Hirokazu Koreeda’s Broker tells the story of what happens when a young woman who left her baby at a Busan church baby box returns and discovers there’s no record of the child. She ends up on an improvised road trip across South Korea with two traffickers who act as brokers to place infants with wannabe parents, doggedly pursued by a couple of detectives who are also making things up on the hoof as they try to secure an arrest.
The setup may be unusual, but what is more unexpected is the moral tone. The only innocent in the entire film is the baby at the heart of the story. Everyone else’s motives are at best dubious, but, more realistically, quite sinister. Yet there are no villains.

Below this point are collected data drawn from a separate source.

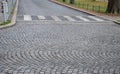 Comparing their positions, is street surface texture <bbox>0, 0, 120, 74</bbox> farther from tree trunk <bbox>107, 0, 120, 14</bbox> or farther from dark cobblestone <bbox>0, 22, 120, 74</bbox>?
tree trunk <bbox>107, 0, 120, 14</bbox>

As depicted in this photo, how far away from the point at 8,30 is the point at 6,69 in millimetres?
7248

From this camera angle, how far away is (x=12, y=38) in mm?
12375

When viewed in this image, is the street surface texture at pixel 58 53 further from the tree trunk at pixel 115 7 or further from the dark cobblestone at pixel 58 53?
the tree trunk at pixel 115 7

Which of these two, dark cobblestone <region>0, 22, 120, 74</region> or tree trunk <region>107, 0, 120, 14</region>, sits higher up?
dark cobblestone <region>0, 22, 120, 74</region>

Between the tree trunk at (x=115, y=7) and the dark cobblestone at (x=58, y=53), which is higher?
the dark cobblestone at (x=58, y=53)

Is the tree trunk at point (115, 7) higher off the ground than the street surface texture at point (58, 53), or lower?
lower

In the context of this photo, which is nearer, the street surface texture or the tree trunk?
the street surface texture

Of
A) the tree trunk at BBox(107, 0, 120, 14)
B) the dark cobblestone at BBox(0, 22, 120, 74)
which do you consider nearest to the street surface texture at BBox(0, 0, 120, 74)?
the dark cobblestone at BBox(0, 22, 120, 74)

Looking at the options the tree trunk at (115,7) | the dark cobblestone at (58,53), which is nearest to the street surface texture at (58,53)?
the dark cobblestone at (58,53)

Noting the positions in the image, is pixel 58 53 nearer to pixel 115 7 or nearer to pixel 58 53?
pixel 58 53

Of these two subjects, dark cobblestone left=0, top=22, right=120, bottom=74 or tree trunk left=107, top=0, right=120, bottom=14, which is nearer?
dark cobblestone left=0, top=22, right=120, bottom=74

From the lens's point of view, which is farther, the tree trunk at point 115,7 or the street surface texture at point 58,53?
the tree trunk at point 115,7

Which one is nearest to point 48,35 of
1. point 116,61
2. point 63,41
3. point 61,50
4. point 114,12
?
point 63,41

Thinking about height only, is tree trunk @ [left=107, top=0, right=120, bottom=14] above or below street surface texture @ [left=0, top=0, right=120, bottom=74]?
below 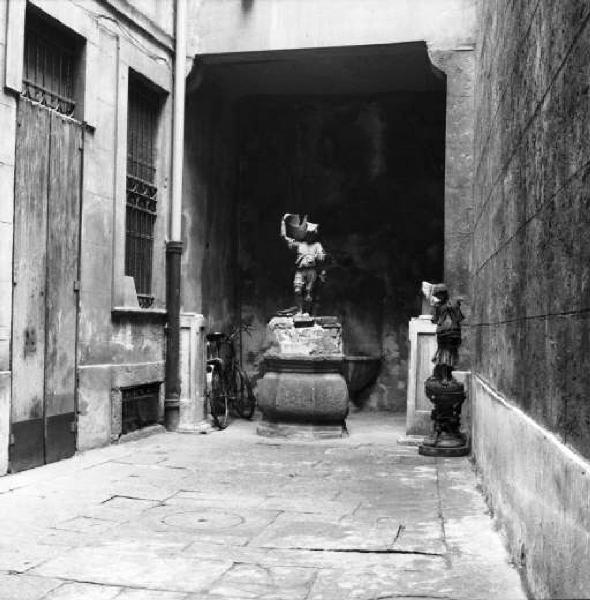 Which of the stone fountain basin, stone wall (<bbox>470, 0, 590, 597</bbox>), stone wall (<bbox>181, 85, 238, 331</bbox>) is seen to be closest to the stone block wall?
stone wall (<bbox>470, 0, 590, 597</bbox>)

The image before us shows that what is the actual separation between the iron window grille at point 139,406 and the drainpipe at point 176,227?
253 mm

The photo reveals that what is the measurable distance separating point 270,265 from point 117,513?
8.87m

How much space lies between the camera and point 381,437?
1019 centimetres

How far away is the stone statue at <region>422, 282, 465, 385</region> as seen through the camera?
851 centimetres

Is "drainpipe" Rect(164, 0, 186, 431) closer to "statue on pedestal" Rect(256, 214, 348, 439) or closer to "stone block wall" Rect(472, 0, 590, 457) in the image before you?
"statue on pedestal" Rect(256, 214, 348, 439)

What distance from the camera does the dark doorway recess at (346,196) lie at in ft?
45.1

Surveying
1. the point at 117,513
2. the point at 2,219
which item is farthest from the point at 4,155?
the point at 117,513

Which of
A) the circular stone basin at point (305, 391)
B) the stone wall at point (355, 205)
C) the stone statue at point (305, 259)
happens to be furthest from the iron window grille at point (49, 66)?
the stone wall at point (355, 205)

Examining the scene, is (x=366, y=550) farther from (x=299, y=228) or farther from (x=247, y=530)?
(x=299, y=228)

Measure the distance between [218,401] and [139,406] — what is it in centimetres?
168

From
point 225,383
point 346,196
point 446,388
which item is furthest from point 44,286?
point 346,196

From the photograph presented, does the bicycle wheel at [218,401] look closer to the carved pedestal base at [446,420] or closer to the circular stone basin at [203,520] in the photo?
the carved pedestal base at [446,420]

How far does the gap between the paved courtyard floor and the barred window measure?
8.11ft

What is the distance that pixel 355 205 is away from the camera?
1414 centimetres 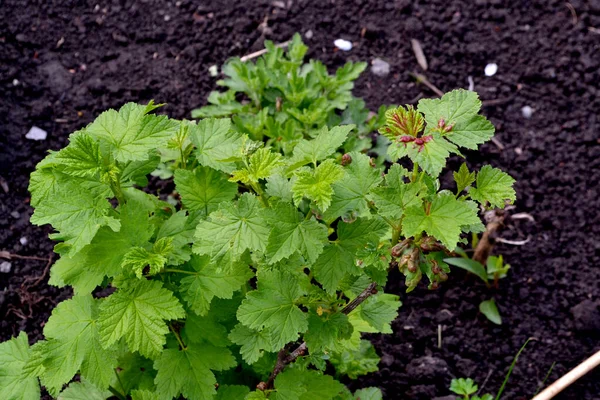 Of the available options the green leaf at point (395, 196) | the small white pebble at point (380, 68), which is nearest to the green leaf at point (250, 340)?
the green leaf at point (395, 196)

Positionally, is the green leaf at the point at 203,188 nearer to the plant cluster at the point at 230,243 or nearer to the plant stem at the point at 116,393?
the plant cluster at the point at 230,243

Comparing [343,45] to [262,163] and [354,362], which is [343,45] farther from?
[262,163]

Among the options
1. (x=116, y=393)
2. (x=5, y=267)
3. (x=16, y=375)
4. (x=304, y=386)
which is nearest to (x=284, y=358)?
(x=304, y=386)

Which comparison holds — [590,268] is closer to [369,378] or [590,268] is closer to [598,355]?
[598,355]

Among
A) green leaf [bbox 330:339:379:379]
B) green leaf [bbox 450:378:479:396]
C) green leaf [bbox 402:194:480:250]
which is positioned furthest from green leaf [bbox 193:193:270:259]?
green leaf [bbox 450:378:479:396]

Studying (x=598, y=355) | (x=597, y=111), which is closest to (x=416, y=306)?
(x=598, y=355)

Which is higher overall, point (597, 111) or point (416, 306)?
point (597, 111)

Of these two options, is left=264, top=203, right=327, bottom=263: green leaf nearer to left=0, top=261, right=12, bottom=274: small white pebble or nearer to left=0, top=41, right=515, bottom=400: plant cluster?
left=0, top=41, right=515, bottom=400: plant cluster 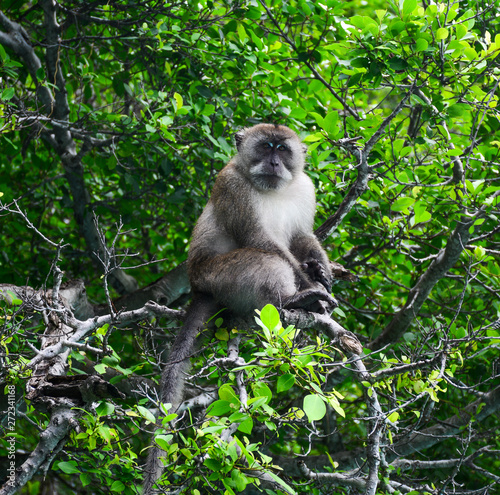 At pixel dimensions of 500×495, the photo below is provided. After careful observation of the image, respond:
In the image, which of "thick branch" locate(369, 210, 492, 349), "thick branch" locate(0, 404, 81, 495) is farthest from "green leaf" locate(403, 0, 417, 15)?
"thick branch" locate(0, 404, 81, 495)

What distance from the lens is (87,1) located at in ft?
21.3

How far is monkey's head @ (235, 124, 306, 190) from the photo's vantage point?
18.2 feet

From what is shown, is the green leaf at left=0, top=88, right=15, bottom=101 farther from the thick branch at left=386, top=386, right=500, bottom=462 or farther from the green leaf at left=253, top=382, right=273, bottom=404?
the thick branch at left=386, top=386, right=500, bottom=462

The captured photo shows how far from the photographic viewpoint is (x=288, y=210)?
18.8 ft

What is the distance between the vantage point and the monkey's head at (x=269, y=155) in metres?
5.54

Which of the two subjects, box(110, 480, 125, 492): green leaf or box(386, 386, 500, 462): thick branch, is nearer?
box(110, 480, 125, 492): green leaf

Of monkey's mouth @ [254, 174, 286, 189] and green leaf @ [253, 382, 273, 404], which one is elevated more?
monkey's mouth @ [254, 174, 286, 189]

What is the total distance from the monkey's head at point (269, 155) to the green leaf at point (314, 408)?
10.1 ft

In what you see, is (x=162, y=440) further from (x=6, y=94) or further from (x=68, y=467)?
(x=6, y=94)

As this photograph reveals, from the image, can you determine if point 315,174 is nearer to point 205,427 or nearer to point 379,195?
point 379,195

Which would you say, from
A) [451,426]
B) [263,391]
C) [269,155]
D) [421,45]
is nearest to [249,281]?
[269,155]

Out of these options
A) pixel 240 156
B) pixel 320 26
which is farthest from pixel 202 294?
pixel 320 26

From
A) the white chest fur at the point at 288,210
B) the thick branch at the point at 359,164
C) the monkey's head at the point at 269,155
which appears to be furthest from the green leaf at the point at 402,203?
the monkey's head at the point at 269,155

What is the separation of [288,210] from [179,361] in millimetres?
2200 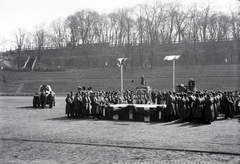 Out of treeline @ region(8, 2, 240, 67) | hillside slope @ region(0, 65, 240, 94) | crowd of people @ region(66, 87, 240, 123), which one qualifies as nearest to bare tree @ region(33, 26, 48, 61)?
treeline @ region(8, 2, 240, 67)

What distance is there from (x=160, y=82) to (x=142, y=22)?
77.0ft

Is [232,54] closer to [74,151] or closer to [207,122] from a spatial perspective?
[207,122]

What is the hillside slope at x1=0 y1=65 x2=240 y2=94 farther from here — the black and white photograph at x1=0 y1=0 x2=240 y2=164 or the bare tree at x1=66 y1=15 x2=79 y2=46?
the bare tree at x1=66 y1=15 x2=79 y2=46

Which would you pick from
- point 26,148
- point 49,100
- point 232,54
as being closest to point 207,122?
point 26,148

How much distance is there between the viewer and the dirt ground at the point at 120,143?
887cm

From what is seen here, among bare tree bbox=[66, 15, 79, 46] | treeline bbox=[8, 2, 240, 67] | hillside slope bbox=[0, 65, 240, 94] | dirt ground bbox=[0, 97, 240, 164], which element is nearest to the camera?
dirt ground bbox=[0, 97, 240, 164]

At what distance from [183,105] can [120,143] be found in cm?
637

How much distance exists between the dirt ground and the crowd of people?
2.94 feet

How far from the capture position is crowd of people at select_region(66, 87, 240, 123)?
1576 cm

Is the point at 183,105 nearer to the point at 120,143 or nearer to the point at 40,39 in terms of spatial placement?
the point at 120,143

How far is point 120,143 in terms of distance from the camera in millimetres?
10977

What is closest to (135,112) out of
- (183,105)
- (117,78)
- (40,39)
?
(183,105)

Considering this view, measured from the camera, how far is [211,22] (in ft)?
205

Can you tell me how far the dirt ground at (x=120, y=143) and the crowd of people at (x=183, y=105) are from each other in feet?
2.94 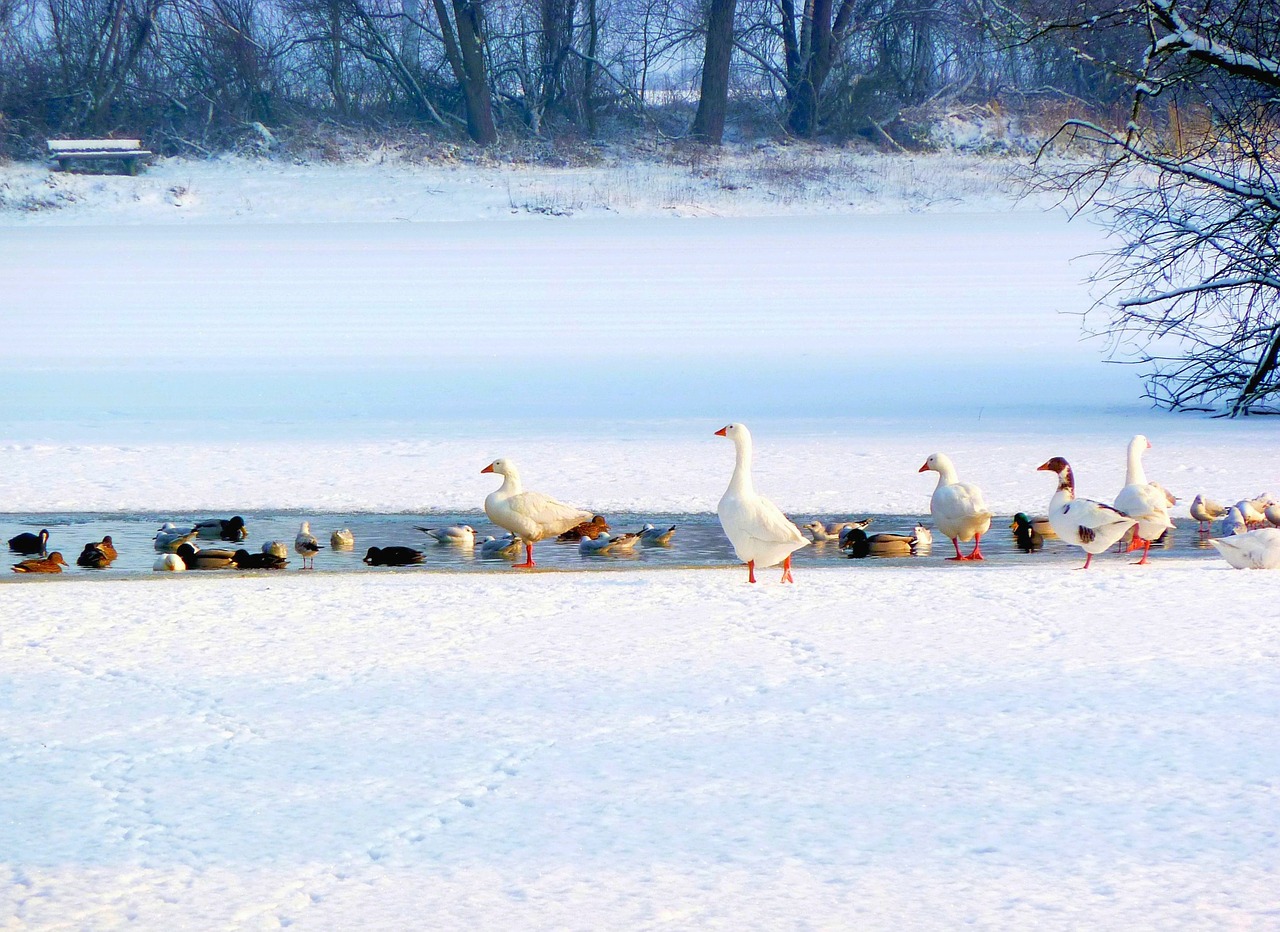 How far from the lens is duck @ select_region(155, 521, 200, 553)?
22.9 feet

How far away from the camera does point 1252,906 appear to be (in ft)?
11.1

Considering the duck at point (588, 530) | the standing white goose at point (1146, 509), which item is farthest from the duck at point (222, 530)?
the standing white goose at point (1146, 509)

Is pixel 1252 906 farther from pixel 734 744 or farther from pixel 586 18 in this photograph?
pixel 586 18

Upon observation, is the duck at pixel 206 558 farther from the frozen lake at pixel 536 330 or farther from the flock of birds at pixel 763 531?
the frozen lake at pixel 536 330

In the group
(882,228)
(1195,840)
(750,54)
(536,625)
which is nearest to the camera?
(1195,840)

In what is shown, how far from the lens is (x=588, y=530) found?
7.36m

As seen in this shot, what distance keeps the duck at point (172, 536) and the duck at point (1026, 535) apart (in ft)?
12.3

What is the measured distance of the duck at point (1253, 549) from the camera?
6473 millimetres

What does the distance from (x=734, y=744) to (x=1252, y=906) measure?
1491 mm

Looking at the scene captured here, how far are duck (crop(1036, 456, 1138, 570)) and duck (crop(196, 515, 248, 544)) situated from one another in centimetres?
364

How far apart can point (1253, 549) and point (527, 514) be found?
303 cm

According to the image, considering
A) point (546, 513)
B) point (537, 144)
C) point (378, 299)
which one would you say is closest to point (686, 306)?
point (378, 299)

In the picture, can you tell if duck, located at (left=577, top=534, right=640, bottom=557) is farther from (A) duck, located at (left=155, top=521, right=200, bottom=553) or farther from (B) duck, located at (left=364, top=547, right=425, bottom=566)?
(A) duck, located at (left=155, top=521, right=200, bottom=553)

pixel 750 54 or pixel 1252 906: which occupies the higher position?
pixel 750 54
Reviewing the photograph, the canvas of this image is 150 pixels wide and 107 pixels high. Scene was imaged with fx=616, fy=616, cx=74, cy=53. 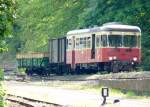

Director/screen-writer Koreeda goes out of his way to emphasise the benevolence of the two traffickers who are portrayed in a rather ‘hail fellow well met’ manner. A bent copper is never in doubt of her redemption. The greatest judgement is meted out on potential adoptive parents who are criticised for their aesthetic demands offspring when it comes to a baby’s looks. The film’s conclusion attempts to wrap up everyone’s lives – and the consequences of their actions – with a brightly coloured bow. No one pays much of a price for their actions, except the countless, unseen children who have been taken out of the reach of state protection and sold on the black market.This is no coming-of-age road trip of self-discovery. In some ways, Broker is like an enormous fantasy satire: a feel-good send-up of child trafficking. Yet the dialogue and editing never suggests that it’s being done in a knowing way. Much of the film could also function as a giant tourism advert for the lush coastal scenery the motley crew drive through, though the opening minutes with torrential rain flooding the concrete steps through a residential area bring back memories of Parasite. That film’s Del Boy patriarch Song Kang-ho is the dry-cleaning, church-volunteer, baby-trafficking father figure in Broker. (Though his ability to lock up his business and cut off his customers from their laundry stretches credulity.)
Of course, the moral ambiguity – or total absence – doesn’t make Broker a bad film. It’s so well-crafted that you can drift in and out of just enjoying the action before mentally jerking upright and starting once more to analyse the subtext of what’s going on. Audience opinions will no doubt be divided: let me know what you think in the comments!
Broker is being screened at Queen’s Film Theatre until 2 March.